FORT COLLINS, Colo. — The path to this year’s United Nations Climate Change Conference has been a little rocky. But despite the last-minute change in venue – from Santiago, Chile, to Madrid, Spain – a dozen graduate students from Colorado State University will attend and take part in the climate talks, also known as the Conference of the Parties or COP. The conference runs Dec. 2-13.
They’ve been schooled on the ins and outs of the international gathering through a class taught by CSU Associate Professor Gillian Bowser in conjunction with Clark University Associate Professor Elisabeth Gilmore and Professor Sarah Green of Michigan Technological University. This will be the 10th trip to the COP for Bowser.
The class is not a primer on international travel. Bowser, Gilmore and Green charged the students with conducting research on the U.N. Sustainable Development Goals, which serve as a call to action for countries around the world. Each team of students includes individuals from CSU, Clark and MTU. They’ll present their findings at press conferences held at the COP.
“The UN Environment Program has been stressing the importance of getting the Sustainable Development Goals into the classrooms,” Bowser explained. “For our students, this global framework is important for them to understand as they explore issues in sustainability. We use the SDG platform to help bring our students in alignment with the global conversation of sustainability, which revolves around not only the Paris Agreement but also around the many small and local targets that are represented within the goals.”
The Paris Agreement’s central aim is to strengthen the global response to the threat of climate change by keeping a global temperature rise this century below 2 degrees Celsius.
Sustainable consumption, gender equity research
Stefanie Berganini, an instructor in the CSU Department of Anthropology and Geography, is focusing on Sustainable Development Goal 12: Ensure sustainable consumption and production patterns. The goal encompasses what’s known as a circular economy, focused on recycling or reusing something, rather than having it end up in the trash.
Her research team is conducting surveys on their respective campuses to explore the level of support for a circular economy. So far, they’ve found a lot of support, based on nearly 300 completed surveys.
“Everyone across the board thinks that sustainable waste management and recycling are extremely important and want to see it on college campuses,” said Berganini, who is also a doctoral student in the Department of Ecosystem Science and Sustainability.
The team has discovered that of all the different types of recycling, people are most knowledgeable about paper and food waste. But the category of electronic, or e-waste, seems less important for many people.
Claire Carver, who is pursuing a master’s degree in Greenhouse Gas Management and Accounting, is studying gender equality, which is Sustainable Development Goal 5. She and her teammates are looking at campus initiatives, which at CSU includes the Graduate Student Parental Leave policy and the recent addition of All Gender Restrooms.

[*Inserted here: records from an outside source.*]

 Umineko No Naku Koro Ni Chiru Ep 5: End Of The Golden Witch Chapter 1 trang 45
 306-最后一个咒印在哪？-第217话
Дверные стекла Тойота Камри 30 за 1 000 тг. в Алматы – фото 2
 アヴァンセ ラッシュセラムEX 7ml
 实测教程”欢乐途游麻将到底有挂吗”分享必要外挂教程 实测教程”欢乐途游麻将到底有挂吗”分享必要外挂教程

Carver said one theme that has emerged from interviews is that gender equality is not limited to making the workplace better for women.

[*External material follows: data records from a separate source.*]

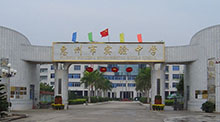 广东惠州实验中学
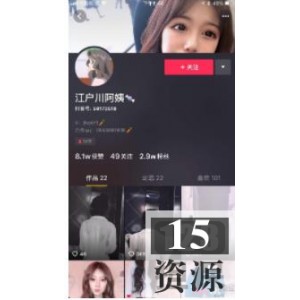 抖音江户JK热舞合集88V50G超润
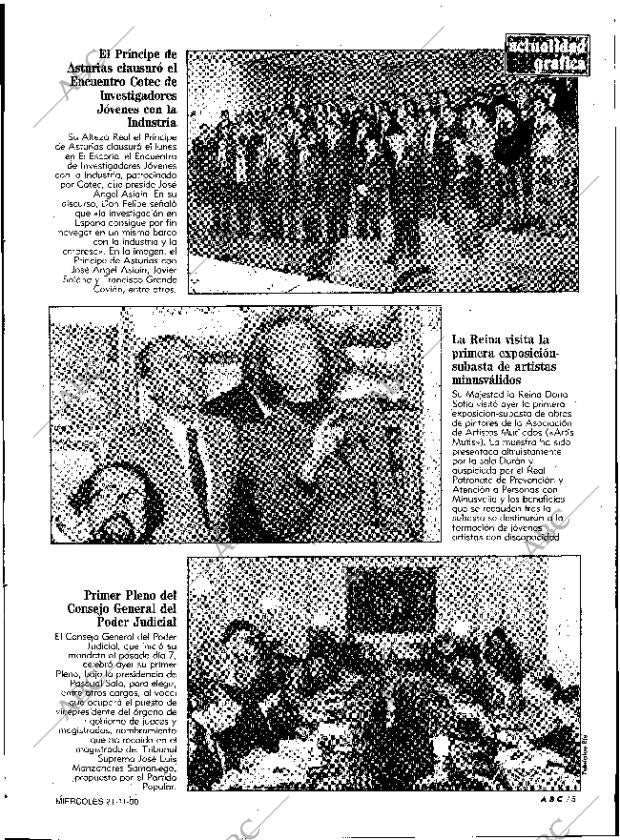 ABC SEVILLA 21-11-1990 página 5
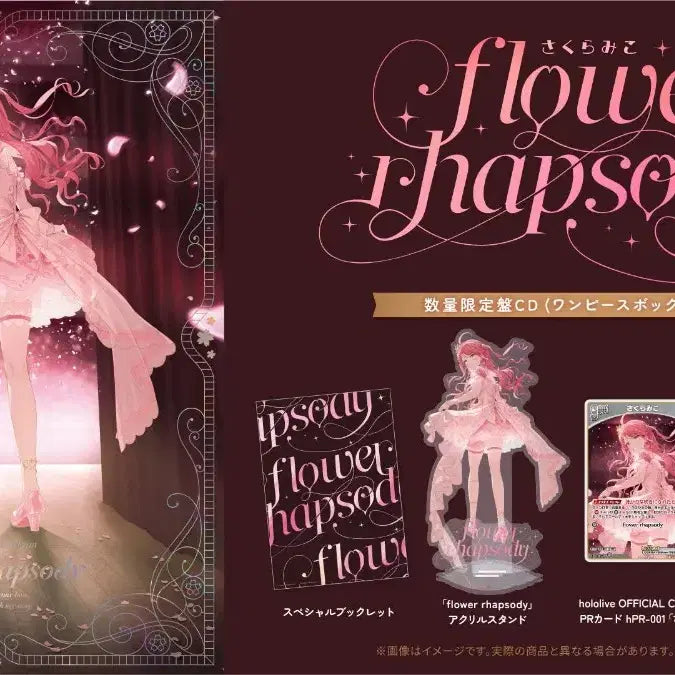 [BUNJANG] Hololive Sakura Miko 1st Live Limited Edition Album / 홀로라이브 사쿠라미코 1st 라이브 수량한정판앨범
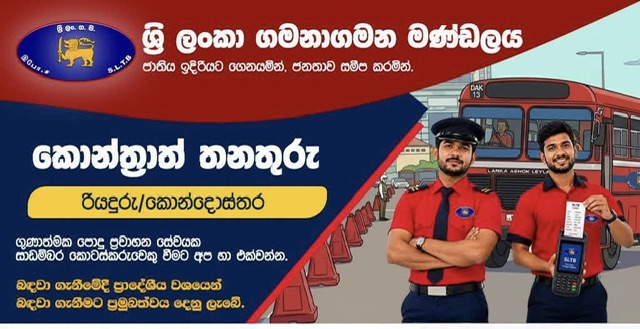 SLTB Opens Recruitment for Over 1,000 Driver and Conductor Positions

“Gender equality is an all-encompassing, inclusivity movement,” she explained. “For example, with the parental leave policy, it’s not a maternal leave policy. It’s making lives better for everyone on campus.”
Taking part in the class has felt similar to a capstone course, since Carver is graduating in December. “It’s a way to celebrate the last year and a half of graduate school, to go to the biggest climate conference in the world,” she said.
Betsy Weir, environmental change and health program leader with the One Health Institute at CSU, will attend the climate talks with Bowser and the students. Several CSU faculty had planned to attend but were not able to adjust travel plans when the conference was moved to Spain.